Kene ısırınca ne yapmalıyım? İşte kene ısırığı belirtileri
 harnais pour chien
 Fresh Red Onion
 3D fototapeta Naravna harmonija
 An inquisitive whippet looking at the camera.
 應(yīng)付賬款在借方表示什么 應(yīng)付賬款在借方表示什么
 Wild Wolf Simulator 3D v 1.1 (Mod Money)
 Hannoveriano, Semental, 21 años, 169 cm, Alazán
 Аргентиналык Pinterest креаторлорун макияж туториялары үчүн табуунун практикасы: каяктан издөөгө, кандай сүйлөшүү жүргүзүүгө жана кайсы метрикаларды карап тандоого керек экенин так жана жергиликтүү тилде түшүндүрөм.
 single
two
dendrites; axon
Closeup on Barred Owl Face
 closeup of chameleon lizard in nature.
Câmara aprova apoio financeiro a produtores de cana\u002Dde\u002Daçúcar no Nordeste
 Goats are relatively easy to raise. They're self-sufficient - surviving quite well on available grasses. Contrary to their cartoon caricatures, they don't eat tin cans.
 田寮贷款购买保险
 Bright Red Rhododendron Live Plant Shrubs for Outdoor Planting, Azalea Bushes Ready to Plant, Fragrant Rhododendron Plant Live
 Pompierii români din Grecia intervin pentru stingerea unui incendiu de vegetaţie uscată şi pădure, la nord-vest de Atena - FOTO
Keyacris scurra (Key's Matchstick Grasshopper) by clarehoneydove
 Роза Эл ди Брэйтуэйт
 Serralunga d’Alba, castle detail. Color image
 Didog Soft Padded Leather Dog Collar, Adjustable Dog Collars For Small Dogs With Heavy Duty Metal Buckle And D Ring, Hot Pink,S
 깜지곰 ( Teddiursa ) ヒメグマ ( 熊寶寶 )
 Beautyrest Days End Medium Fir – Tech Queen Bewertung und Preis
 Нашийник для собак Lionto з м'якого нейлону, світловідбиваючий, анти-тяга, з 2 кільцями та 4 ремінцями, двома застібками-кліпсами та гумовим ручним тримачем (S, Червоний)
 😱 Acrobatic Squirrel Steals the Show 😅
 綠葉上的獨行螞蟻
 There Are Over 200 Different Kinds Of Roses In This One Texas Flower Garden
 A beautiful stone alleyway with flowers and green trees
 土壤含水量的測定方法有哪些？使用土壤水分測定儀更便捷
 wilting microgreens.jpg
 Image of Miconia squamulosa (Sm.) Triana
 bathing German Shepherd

* WORK INSTRUCTION *
With no line omitted, copy all the data exactly.

* SOLVED PROBLEM *
Kene ısırınca ne yapmalıyım? İşte kene ısırığı belirtileri
 harnais pour chien
 Fresh Red Onion
 3D fototapeta Naravna harmonija
 An inquisitive whippet looking at the camera.
 應(yīng)付賬款在借方表示什么 應(yīng)付賬款在借方表示什么
 Wild Wolf Simulator 3D v 1.1 (Mod Money)
 Hannoveriano, Semental, 21 años, 169 cm, Alazán
 Аргентиналык Pinterest креаторлорун макияж туториялары үчүн табуунун практикасы: каяктан издөөгө, кандай сүйлөшүү жүргүзүүгө жана кайсы метрикаларды карап тандоого керек экенин так жана жергиликтүү тилде түшүндүрөм.
 single
two
dendrites; axon
Closeup on Barred Owl Face
 closeup of chameleon lizard in nature.
Câmara aprova apoio financeiro a produtores de cana\u002Dde\u002Daçúcar no Nordeste
 Goats are relatively easy to raise. They're self-sufficient - surviving quite well on available grasses. Contrary to their cartoon caricatures, they don't eat tin cans.
 田寮贷款购买保险
 Bright Red Rhododendron Live Plant Shrubs for Outdoor Planting, Azalea Bushes Ready to Plant, Fragrant Rhododendron Plant Live
 Pompierii români din Grecia intervin pentru stingerea unui incendiu de vegetaţie uscată şi pădure, la nord-vest de Atena - FOTO
Keyacris scurra (Key's Matchstick Grasshopper) by clarehoneydove
 Роза Эл ди Брэйтуэйт
 Serralunga d’Alba, castle detail. Color image
 Didog Soft Padded Leather Dog Collar, Adjustable Dog Collars For Small Dogs With Heavy Duty Metal Buckle And D Ring, Hot Pink,S
 깜지곰 ( Teddiursa ) ヒメグマ ( 熊寶寶 )
 Beautyrest Days End Medium Fir – Tech Queen Bewertung und Preis
 Нашийник для собак Lionto з м'якого нейлону, світловідбиваючий, анти-тяга, з 2 кільцями та 4 ремінцями, двома застібками-кліпсами та гумовим ручним тримачем (S, Червоний)
 😱 Acrobatic Squirrel Steals the Show 😅
 綠葉上的獨行螞蟻
 There Are Over 200 Different Kinds Of Roses In This One Texas Flower Garden
 A beautiful stone alleyway with flowers and green trees
 土壤含水量的測定方法有哪些？使用土壤水分測定儀更便捷
 wilting microgreens.jpg
 Image of Miconia squamulosa (Sm.) Triana
 bathing German Shepherd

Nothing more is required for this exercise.